2023年11月 - この個体は3令♂ながらまったく成長していない
2023年11月 - こちらは体重の乗りは悪くはないものの、特に優秀とも言えない数値

 それらの2023年ブリード群の菌糸瓶は、孵化初令幼虫管理では優秀な結果が出ている、オリジナル200cc菌糸Cupで行なっている製造手法(複数回発菌操作して菌の活性とオガ培地の分解深度を上げる)を、そのまま大きいボトルにも応用してみたものなのです。ただし、種菌のメーカーを2社にして、これまでは使用経験の無かったメーカー物を新規試用してみたんですが、その新規導入した方の菌の活性とオガの質がまったくよろしくなかったんですよね。菌床ブロックの袋を開封した途端にこの菌糸はダメだな、と、実は当初から失敗を覚悟していたのです。
 その後、それから年も明けて、暖かくなりだした春先に当然ながら次のボトル交換タイミングが訪れました。
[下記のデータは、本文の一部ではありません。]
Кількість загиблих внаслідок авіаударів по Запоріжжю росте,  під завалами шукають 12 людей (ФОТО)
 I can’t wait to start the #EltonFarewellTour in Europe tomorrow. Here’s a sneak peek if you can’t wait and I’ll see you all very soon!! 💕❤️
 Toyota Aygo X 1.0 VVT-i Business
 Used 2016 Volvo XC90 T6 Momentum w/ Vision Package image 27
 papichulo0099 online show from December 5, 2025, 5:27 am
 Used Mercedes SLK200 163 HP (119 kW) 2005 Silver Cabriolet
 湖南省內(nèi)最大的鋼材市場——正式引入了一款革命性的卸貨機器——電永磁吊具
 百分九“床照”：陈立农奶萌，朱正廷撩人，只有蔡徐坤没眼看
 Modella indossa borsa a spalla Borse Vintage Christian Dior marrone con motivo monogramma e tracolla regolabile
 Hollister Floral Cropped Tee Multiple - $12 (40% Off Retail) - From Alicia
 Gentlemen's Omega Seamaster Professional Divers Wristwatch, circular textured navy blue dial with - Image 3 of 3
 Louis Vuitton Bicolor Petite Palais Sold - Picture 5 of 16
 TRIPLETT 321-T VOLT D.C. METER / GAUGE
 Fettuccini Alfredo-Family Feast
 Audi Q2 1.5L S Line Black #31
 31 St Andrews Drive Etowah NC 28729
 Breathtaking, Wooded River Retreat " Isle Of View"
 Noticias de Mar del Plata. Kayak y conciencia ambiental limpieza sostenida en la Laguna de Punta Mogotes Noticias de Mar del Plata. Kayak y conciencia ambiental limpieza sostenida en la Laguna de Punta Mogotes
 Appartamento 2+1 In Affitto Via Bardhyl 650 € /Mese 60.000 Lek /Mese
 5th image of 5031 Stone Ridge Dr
がしかし、やはり食痕が出てない……。まあ、食痕が激しく露出しているよりは良い傾向ではあるとわたしは判断するのですが、何分こうなると中の様子が判らないのですよね。ただ、菌糸の活性状態は良いんです。まったく劣化傾向がありませんし、大変優秀(ただし、使用実績のある方の菌糸ボトルのみ)。これは過去に無く逡巡することとなりました。最終瓶に入れ替えるべきかどうか、どうしたものか、と。交換するとすると、それは即ち最終瓶であり、蛹化・羽化用ということになります。劣化した培地よりも新しい菌糸瓶の方が遥かにセイフティな常套策ではありますが、逆に環境が大幅に刷新されてしまうので、幼虫からすれば環境ストレスが大きく掛かる局面になってしまうと思われます。その影響を飼育者的にはどう考えて判断するか、です。
 結局、交換無しで行くことにしました。但し、菌は生き物、このまま管理環境温度が上昇すると、流石に菌の活性が衰えて培地は急速に劣化してしまう懸念がありますので、そうなったときには打つ手がマット投入以外にもう無くなってしまいます。それは本当に最後の最後の手段なので、是非とも避けたい。そこで、発想転換し、常温飼育をポリシーとしてはいるものの、我が家で最も涼しく温度が安定した場所へと安置場所を移動させることとしました。それは、キッチンの床下収納です。ここですと、一気に5℃は下がっていて、しかも、終日温度が安定していました。これなら菌糸の劣化の懸念はありません。
 それと、もう一つ、前蛹から蛹化に掛けては温度が低い方が大型化し易く、また、♂の場合は大顎が発達し易い傾向にあるという研究結果データが報文や論文では多数示されているんですよね。それで、その実験を以前から試してみたかったということもありました。今回については大型化はもう期待できないとこの時点では思っていましたので、試験的な措置に大きく舵を採り直した格好といいましょうか。ウチでは冬場は毎年、他ブリーダーが絶対やらないくらいの底(低)温度帯(10℃以下)管理していますから、そこから春温度に上昇して、がしかし、夏温度には至らずに終了、という変則スケジュール管理ですかね。こうすることで、蛹化・羽化の予定時期は例年よりも大幅に遅れるのかもしれませんが、それがもしも大型化に結びつく妙案なのであれば、結果alrightということですしね。

新機軸創出はやはり失敗が原点?

 そしてつい最近、ボトルの様子を確認してみますと、殆どの個体のボトルに食痕が現れだしたのですよね。幼虫は低温度維持の春温度でも活発に活動していました。一度、気温上昇を感知させたので、そのためか、或いは、積算温度の考え方はクワガタ飼育では現在ほぼ否定的見解をされてはいますが、時期的な感受性によるものなのかはわかりませんが、明らかに活動が活発になっているように窺えます。そして、体躯がそこそこ大きくなっているように見えるのです。しかも、まだ終齢幼虫っぽく黄色く色づいてはいない。「あれ、これは期待してもよいのか?」と。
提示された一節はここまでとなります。